A request forwarded by Greek authorities to the European Commission for an extension to the remaining operational hours of the main power utility PPC’s 600-MW Amynteo power plant, from 17,500 hours to 32,000 hours, is believed to stand a good chance of being approved.
According to sources, the Amynteo facility, an aging unit excluded from the utility’s bailout-required sale package of lignite units, may be permitted to continue operating well beyond 2019.
In its request, the Greek energy ministry contends that a withdrawal of the Amynteo facility in 2019, as is currently scheduled, would prompt serious telethermal issues at the Amynteo power plant and the Ptolemaida facility, whose prospective addition, Ptolemaida V, is not expected to be launched any time before 2021.
On the other hand, any lifespan extension for the Amynteo facility means prospective buyers of PPC’s lignite units placed for sale (Meliti, Megalopoli) would face an additional lignite-fired electricity producing rival.
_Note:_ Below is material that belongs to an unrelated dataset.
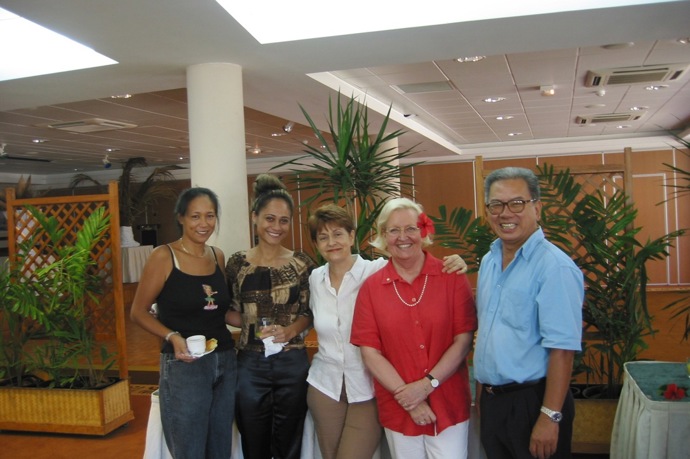 Michèle Boiron se setkává s lékárníky po celém světě, zavítala také na Tahiti.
This prospect was pointed out by potential buyers during the market test staged for PPC’s bailout-required sale package.
Either way, prospective buyers are awaiting the final decision from Brussels.
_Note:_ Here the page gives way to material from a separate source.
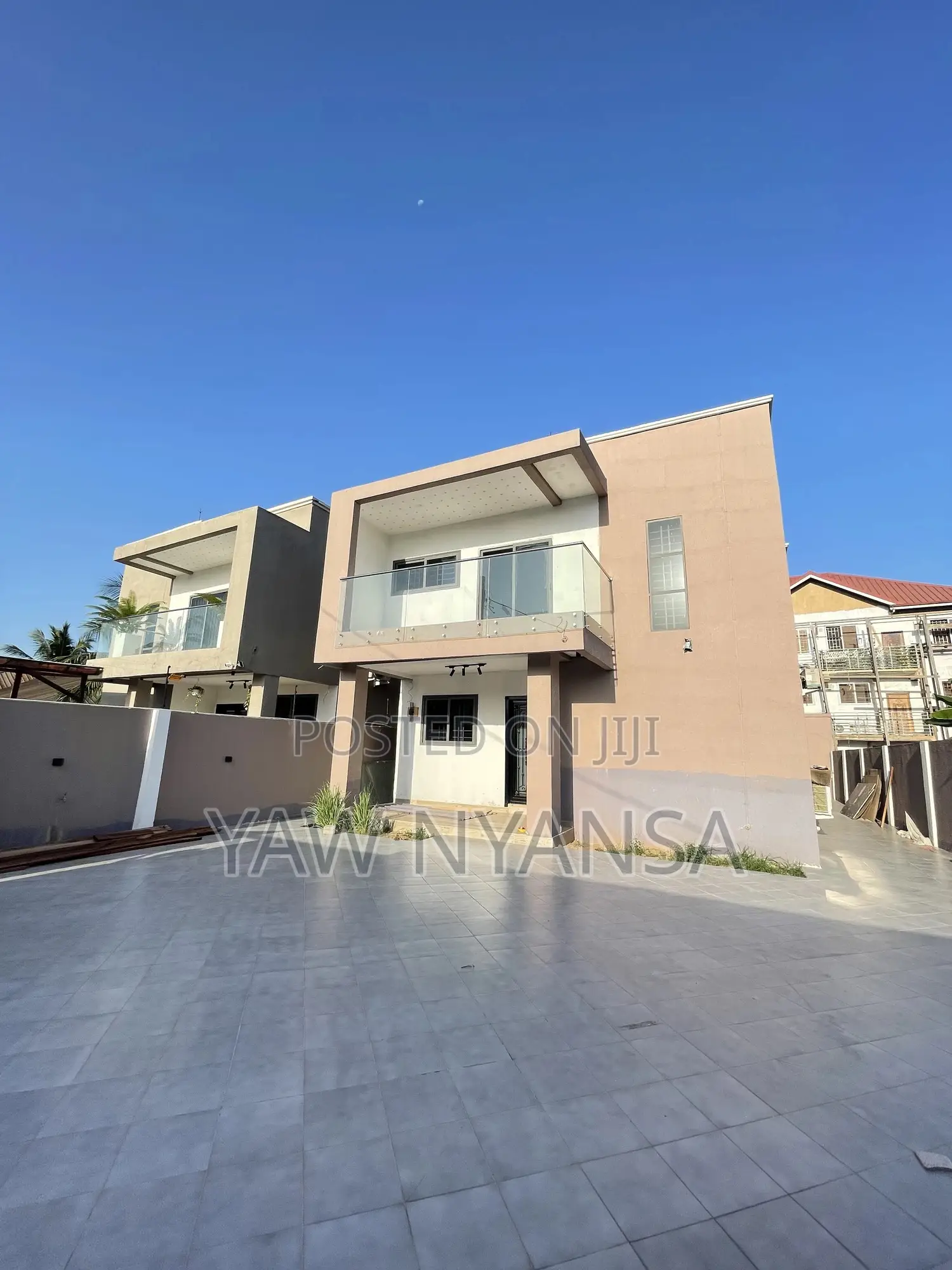 5bdrm Duplex in Bn Estate, Haatso for sale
Three investors have already expressed an interest to become involved in Amynteo’s environmental upgrade, should this be permitted by Brussels. The Copelouzos group and China’s Shenhua appear willing to join forces for such a project. This could secure the pair a minority stake in the Amynteo facility.
A second major energy player in the Greek market is also believed to have presented state-controlled PPC and the energy ministry with a utilization plan for Amynteo, even though the content of the utility’s sale package has yet to be finalized.
In addition, an energy-intensive industrial firm is also believed to be interested in the Amynteo upgrade, either alone or as a partnership with a fellow industrial player, in exchange for favorably priced electricity.